November 15th, 2005
By Charles Wyndham.
I was always told that selling without marketing was akin to kissing in the dark.
We have all had the benefit of some light been thrown on to the marketing success of De Beers Supplier of Choice.
It was Gary Ralfe who pointed out the month before last that the growth in demand had been disappointing.
Gareth Penny comments that the DTC has been deliberately selling their rough cheap is hardly a ringing endorsement either.
Anyway, despite all the recent hullabaloo about Nakshatra, there appears to be more than just a dark shadow across this and other DTC programmes.
I have always argued about the insanity of sightholders investing huge sums and time in specific brands where they are excluded from any beneficial ownership in that brand. This let alone in the context of so many different brands being launched at the same time, therefore ensuring less chance of success for any individual brand.
It is bad enough that sightholders are effectively being forced to ‘hand over’ their business to the DTC, as the DTC dictates how marketing should be done according to their dictat, if clients wish to receive rough.
To couple this to DTC retaining all ownership, was until the latest developments, as glaring an abuse of a monopoly position, in my opinion, as any that has caused them many of their current legal problems.
Sightholders will not have had the opportunity to read the DTC’s internal magazine, In The Loupe, to read about the exciting new brand initiative launched by the DTC’s "Brand Communications Team".
Even better news in the same publication is all about the VAS (Value Added Services) training workshops, where the DTC’s own staff were told that the services have been "developed to strengthen sightholders’ businesses and increase competitiveness and profitability. They also go beyond anything other mines mining houses or producers currently offer".
Quite, the point is that there is no choice as to whether the customer is charged, and whatever DTC/De Beers says they just cannot get away from telling everyone else how to run their business.
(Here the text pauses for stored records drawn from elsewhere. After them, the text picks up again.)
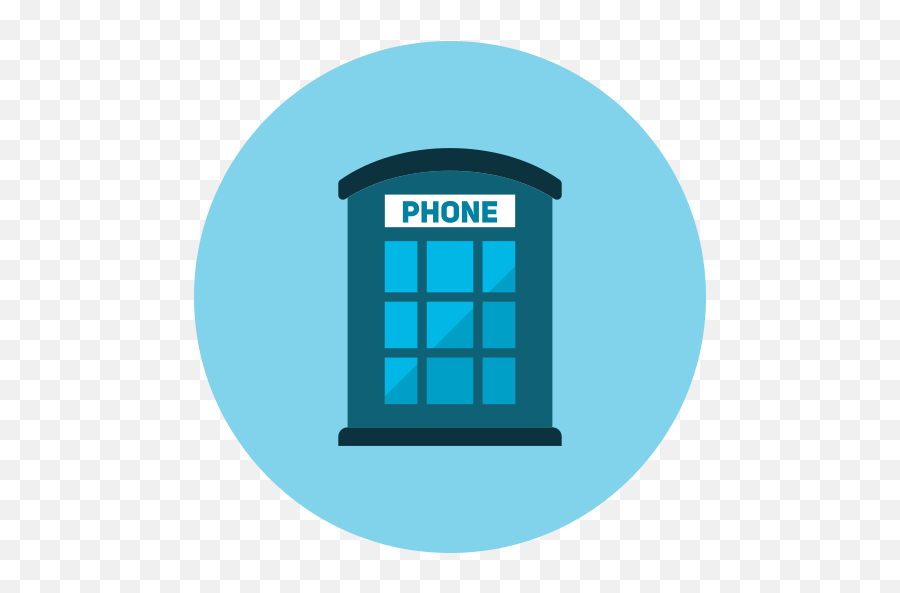 Phone Booth Free Icon - Iconiconscom Telephone Booth Logo Png,Tardis Icon Png
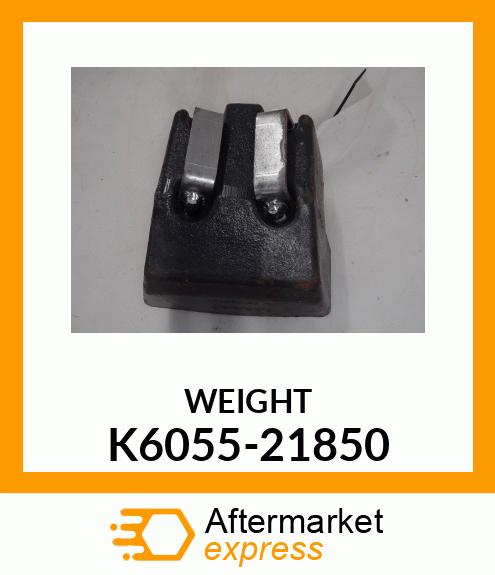 WEIGHT K6055-21850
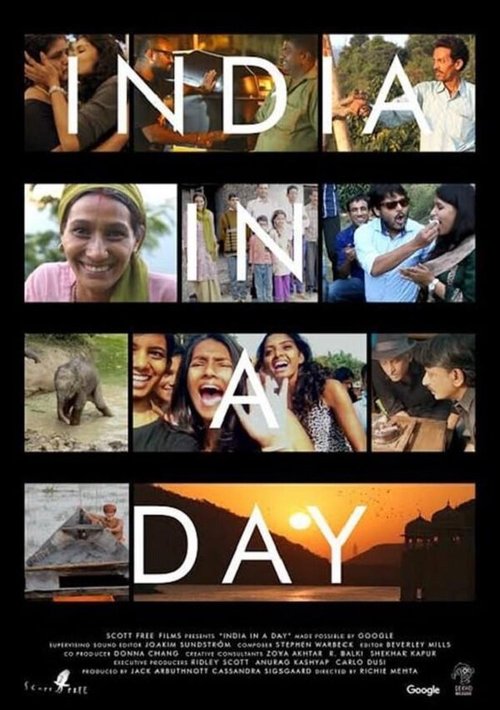 Обложка (Постер) India in a Day (2016) CAMRip Обложка (Постер) India in a Day (2016) CAMRip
Talking about "Growth Services" that "builds on the DTC’s knowledge, skills and materials produced", has as unpleasant a whiff of possible justification for future VAS price increases as I think one can get.
Anyway, the news that it was the creation of the Business Change unit to develop the VAS (Value Added Services) is helpful. The key to success for the future of VAS we are told, is the development of a culture to understand customers’ needs and to enable future development of DTC services.
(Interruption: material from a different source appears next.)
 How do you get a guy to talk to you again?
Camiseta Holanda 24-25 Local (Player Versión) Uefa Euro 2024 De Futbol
Given the customers have to spew out every conceivable detail about their business to what is effectively one of their competitors, would not make this a particularly difficult task. Well one would hope so.
So we are back full circle, DTC thinking of new ways to charge clients for doing what DTC tells them to do, despite no conclusive evidence that DTC actually knows better than the client themselves.
VAS is a fiction, an expensive one at that. It is hardly surprising that other producers have not followed as they do not have the same hold over their clients. Still the more DTC is seen to be able to charge for ‘spurious’ services it could prove to be too appealing for the other producers not to think of mimicking.
If these services are so wonderful and guarantee such profits why not just offer them with a price against what the client wants to take? This would seem rather more normal business practice.
The evidence about the glowing success of some of these marketing programmes may be being soundly illustrated by the Sangini programme, another DTC flagship.
No one disputes that this and other programmes have increased the awareness of diamonds in the thriving market of India.
The question mark has been over just how beneficial they have been to the actual participants who pay for it.
Well, Sangini, which I am told originally had 18 participants, has apparently been put up for sale to sightholders.
The price being talked about on the market is a whopping $200,000. Not a bad return on an investment that must have headed towards $10 million.
Sometimes, as most have found out for themselves on the odd occasion, it might be better to do the kissing in the dark, after all.